“Seward’s Folly” – “Walrussia” – “The New National Ice House”: In commemoration of the 150th anniversary of the purchase of Alaska from Russia, 1867-2017

Exhibit Location: The Joseph Regenstein Library, Second Floor
Exhibit Dates: April 24 – August 1, 2017

Why did Russia sell Alaska? Why did the United States purchase it? And how did the American public and press react to this purchase in 1867, so soon after the end of the Civil War?

WHY SELL? By the end of the 1850s, after its defeat in the Crimean War, Russia’s tsarist government had no further use for the Russian American Company and began searching for a buyer of the colonies in northwest America, preferably not the British, Russia’s greatest rival in the Pacific.
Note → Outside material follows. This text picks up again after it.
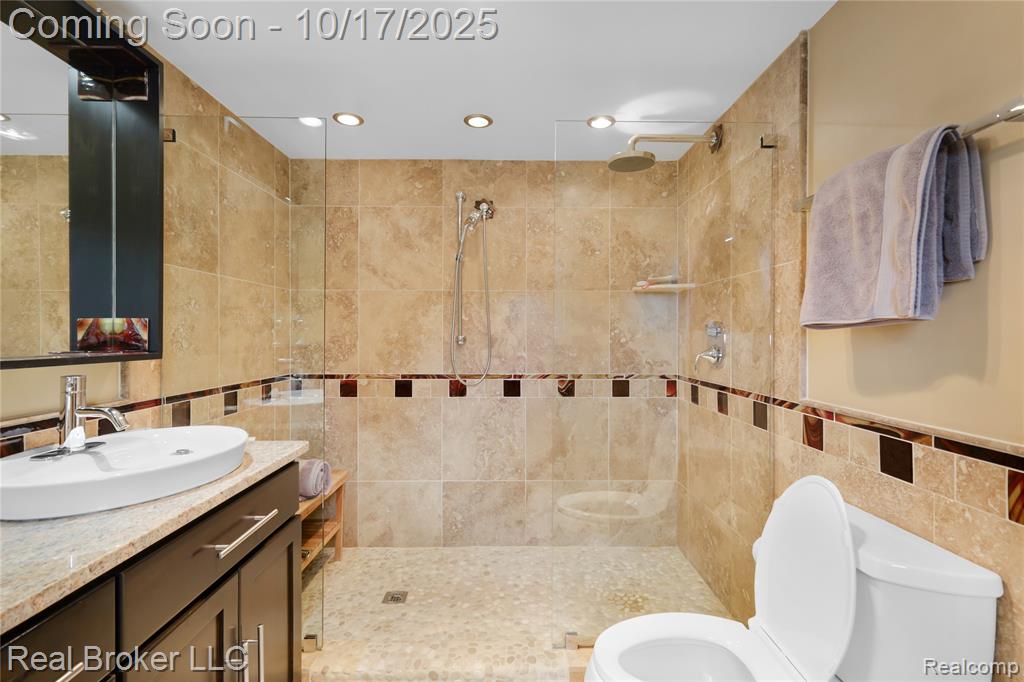 8380 N Linden Road, Mount Morris, MI 48458 — Photo 18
By 1863 Russia concluded that the Russian colonies in America were “at a perfect standstill as regards colonization, hunting, trade, and civic development, and that, generally speaking, the Russian American Company has far from justified the expectations which the government had placed in it” (S. B. Okun. The Russian-American Company.
Tr. by Carl Ginzburg. Cambridge: Harvard University Press, 1951: 232-33.)

WHY BUY?  William H. Seward, 24th United States Secretary of State (1861-1868), saw the purchase of Alaska as another step in the expansion of the United States in the west, as did Charles Sumner, U.S. Senator from Massachusetts whose 2 1/2 hour speech to the Committee on Foreign Relations presented all of the facts then known about Russian America (i.e. Alaska). He articulated four advantages pertinent to the future interests of the United States: Advantages to the Pacific Coast, Extension of Dominion, Extension of Republican Institutions, and Anticipation of Great Britain.

Although the Treaty to purchase Alaska was ratified by a 37-2 margin, at a cost of $7,200,000, it caused a great deal of pro and con exposition in the nation’s papers, with the purchase being labeled as “Seward’s Folly,” “Icebergia,” “Walrussia,” “The Nation’s Ice House.” It was well into the 20th century before Alaska’s purchase was generally acknowledged to be of great strategic and financial importance.